Think about the wide-ranging chain of events triggered by one minor character with a one-chapter role.  Your supporting cast--if they are well-developed and strong enough to convincingly execute their individual subplots--can add incredible depth and richness to your novel.  Their effectiveness can add additional layers of believability and connection to themselves, the main characters, and the story as a whole.  Don’t hesitate to carefully formulate them and include them in the story ... but always use wisdom and good judgment.

I’ve always believed that characters are introduced into a novel to serve one of two purposes: to interact with a situation; or to interact with another character.  If they do neither, ask yourself why they’re there at all.  The more the merrier shouldn’t apply to the business of characters in fiction writing.  Too many actors clutter the stage and distract audience attention from those who are truly earning their keep and deepening your story’s reader connection.  Perhaps less is more would be a more beneficial guideline.

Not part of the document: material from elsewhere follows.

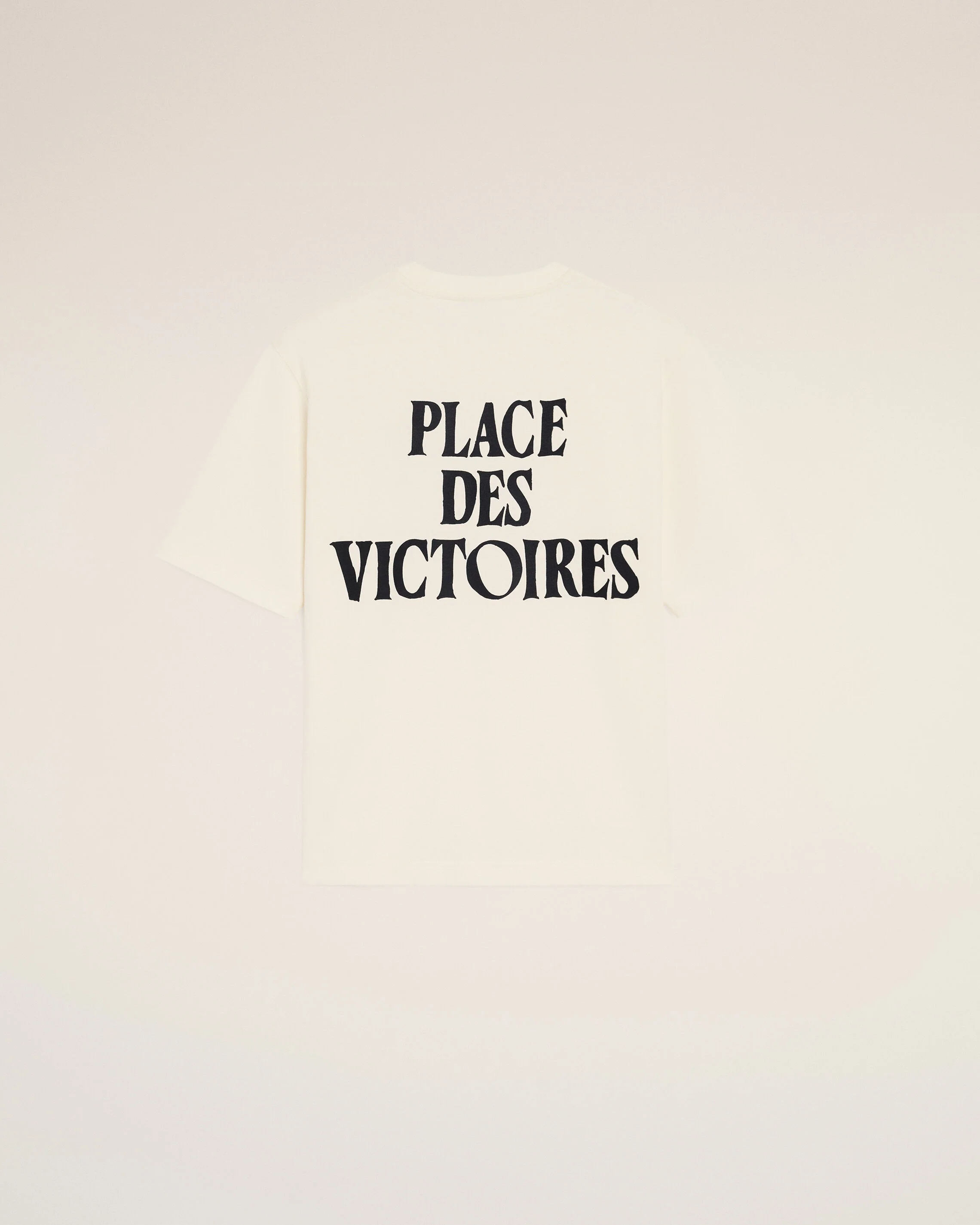 AMI PARIS de Coeur Place Des Victoires T-Shirt in Cream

I use a standard series of questions to guide me when dealing with the sticky issue of character creation.

Does a character deliver meaningful dialogue or perform a critical action at a decisive juncture of the story?  Does he/she assist another actor in terms of plot movement or character development?  Does he/she harm, injure, or impair another actor?  Is he/she a danger to him/herself ... or to another?  Or is he/she perhaps a savior or benefactor to another?

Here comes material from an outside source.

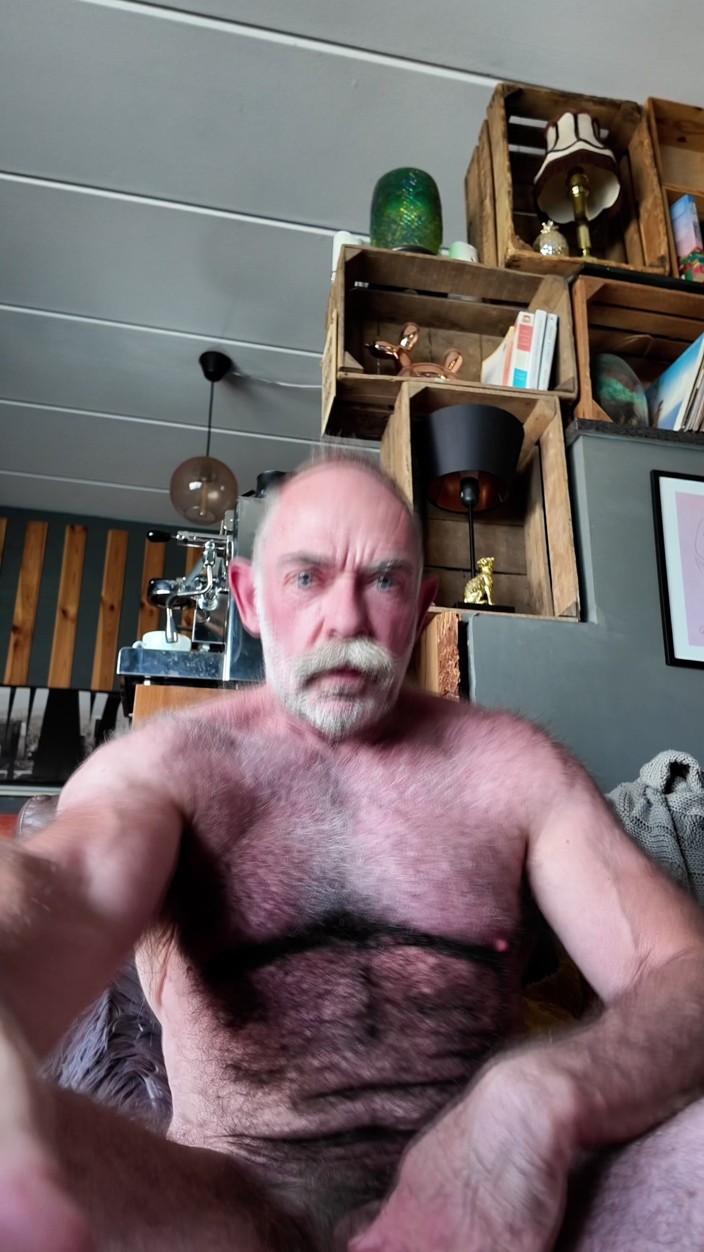 Jack van Dean: Hairy Bear Shoots 2 Loads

Finally, the DECIDING question: Would the work be as effective without this character?

The answers to these questions usually decide the character’s fate for me: either doomed to the netherworld of my word processor’s CUT function; or included in the manuscript file to live another day ... or at least until the next editing pass.

But don’t spend too much time mourning for the dearly-departed actor.  You’ll probably write many other novels needing other characters for other purposes.  Besides, coming back from the dead is always an option.  In the limitless dream-world of entertainment, resurrection is neither impossible nor uncommon.

It worked for Bobby Ewing on Dallas, didn’t it?